| PROBLEM REQUIREMENTS |
Find the line below with "لونا صلصة طماطم 8*135 جرام" and the line with "Techsuit - SoftFlex". Output them and the lines between, exactly, but not the pictures.

==== MATERIAL FOR THIS EXERCISE ====

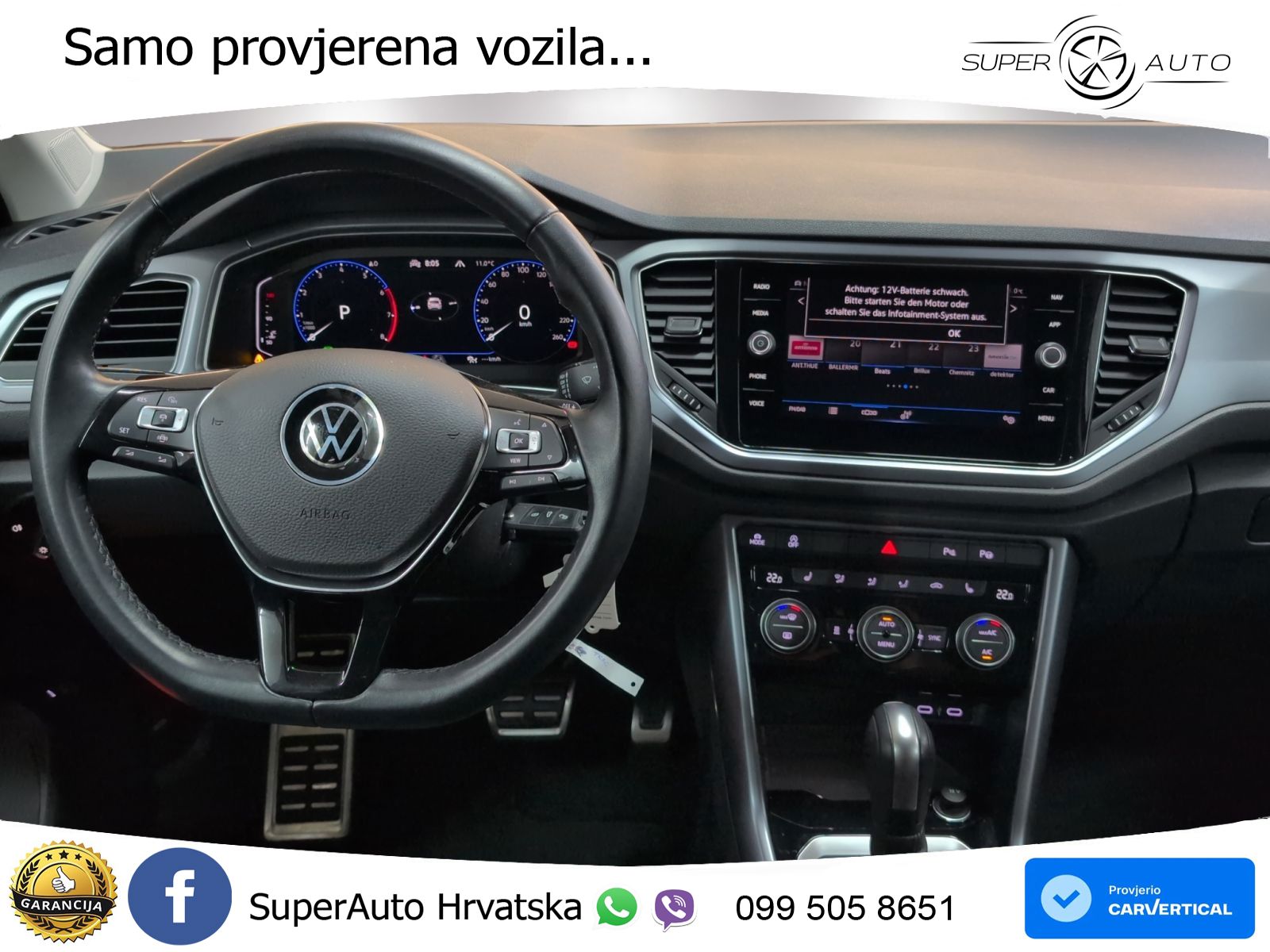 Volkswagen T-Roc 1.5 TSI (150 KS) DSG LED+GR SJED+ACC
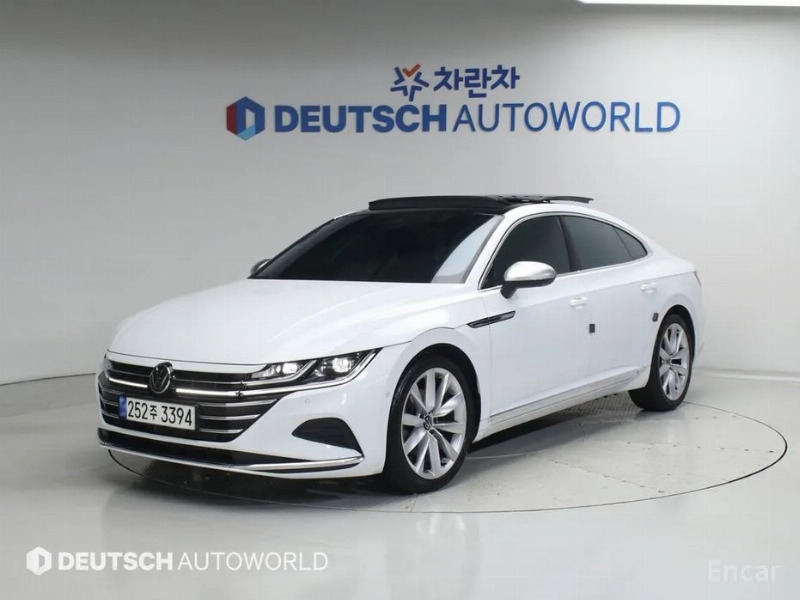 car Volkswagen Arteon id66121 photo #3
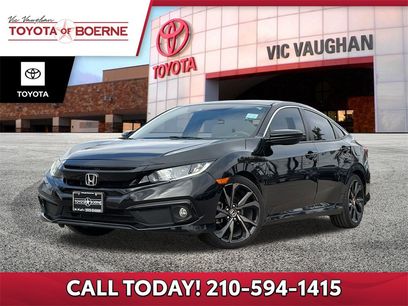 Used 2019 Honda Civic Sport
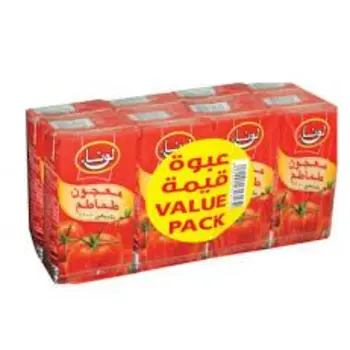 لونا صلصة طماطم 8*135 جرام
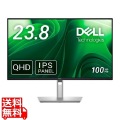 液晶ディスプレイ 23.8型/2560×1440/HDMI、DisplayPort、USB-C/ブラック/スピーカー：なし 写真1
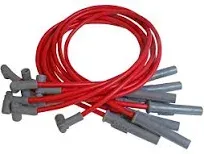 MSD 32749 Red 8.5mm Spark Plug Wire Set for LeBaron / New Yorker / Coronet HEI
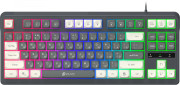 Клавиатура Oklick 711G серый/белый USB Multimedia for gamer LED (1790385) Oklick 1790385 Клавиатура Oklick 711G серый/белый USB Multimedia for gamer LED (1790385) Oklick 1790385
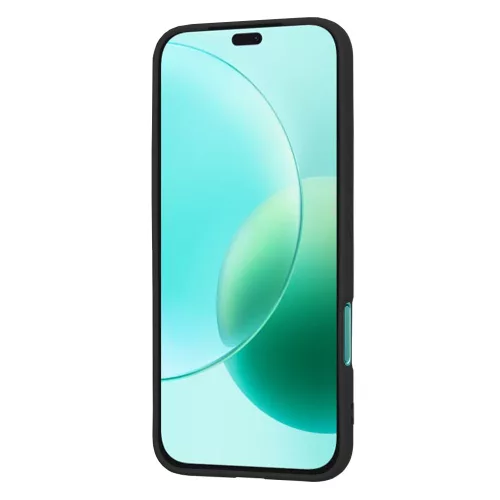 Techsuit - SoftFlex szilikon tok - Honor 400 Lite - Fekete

====
==== MATERIAL FOR THIS EXERCISE ====

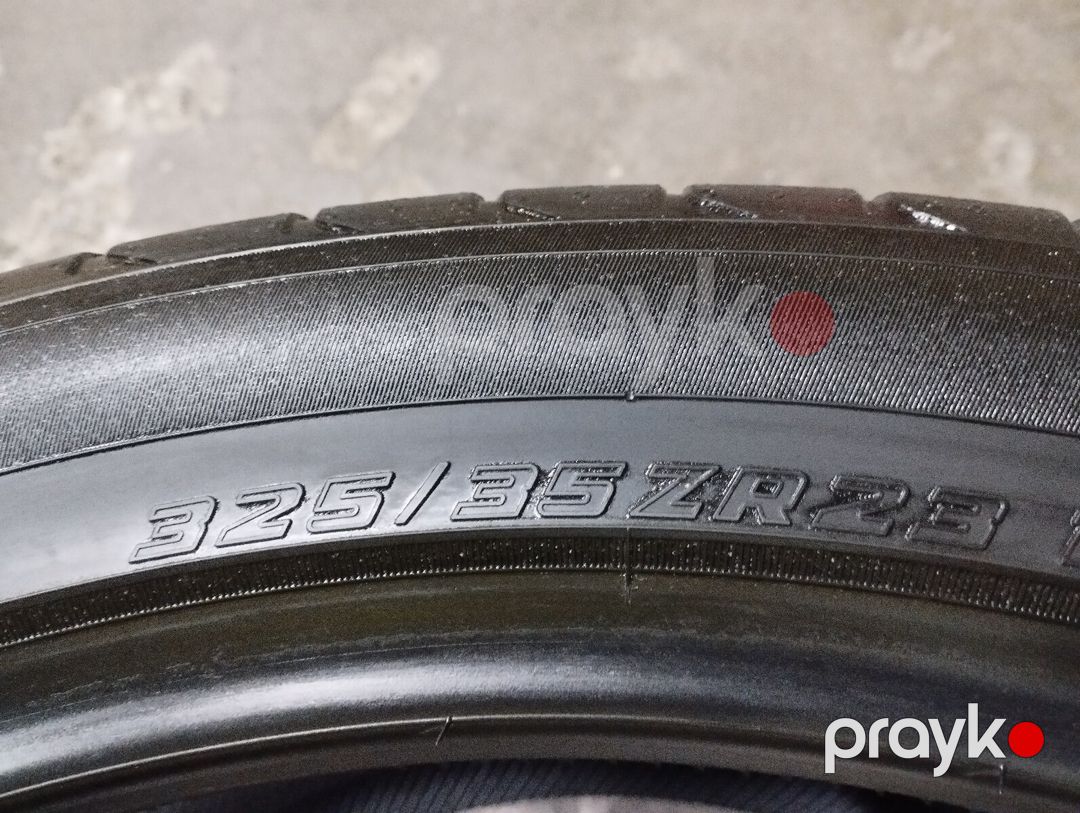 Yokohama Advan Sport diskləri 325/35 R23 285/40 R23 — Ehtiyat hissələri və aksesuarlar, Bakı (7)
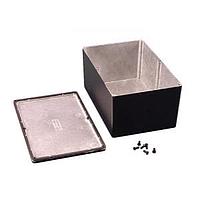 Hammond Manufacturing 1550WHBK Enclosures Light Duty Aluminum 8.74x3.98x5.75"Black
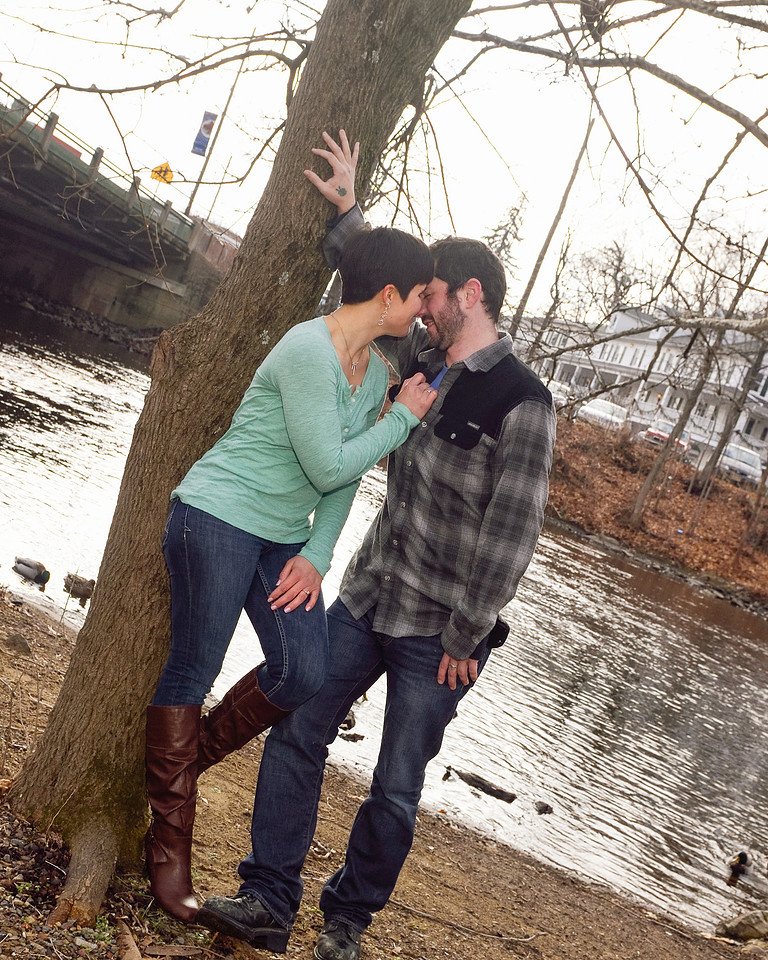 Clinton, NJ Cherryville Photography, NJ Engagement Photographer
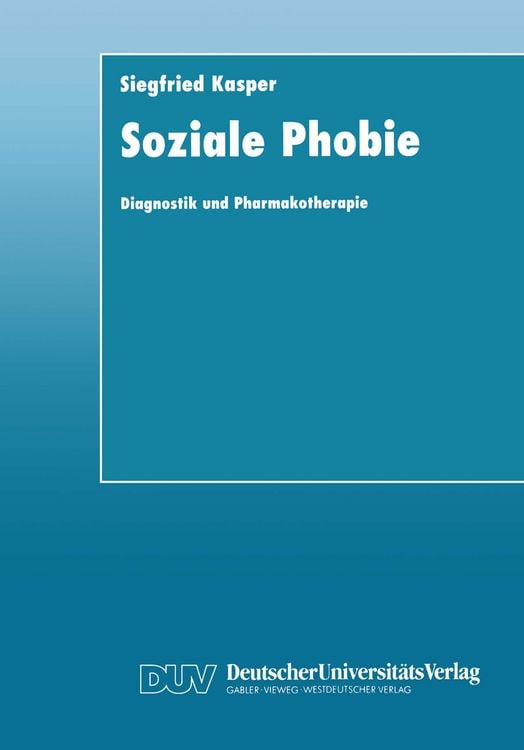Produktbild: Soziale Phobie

====

| EXERCISE OUTPUT |
 لونا صلصة طماطم 8*135 جرام
 液晶ディスプレイ 23.8型/2560×1440/HDMI、DisplayPort、USB-C/ブラック/スピーカー：なし 写真1
 MSD 32749 Red 8.5mm Spark Plug Wire Set for LeBaron / New Yorker / Coronet HEI
 Клавиатура Oklick 711G серый/белый USB Multimedia for gamer LED (1790385) Oklick 1790385 Клавиатура Oklick 711G серый/белый USB Multimedia for gamer LED (1790385) Oklick 1790385
 Techsuit - SoftFlex szilikon tok - Honor 400 Lite - Fekete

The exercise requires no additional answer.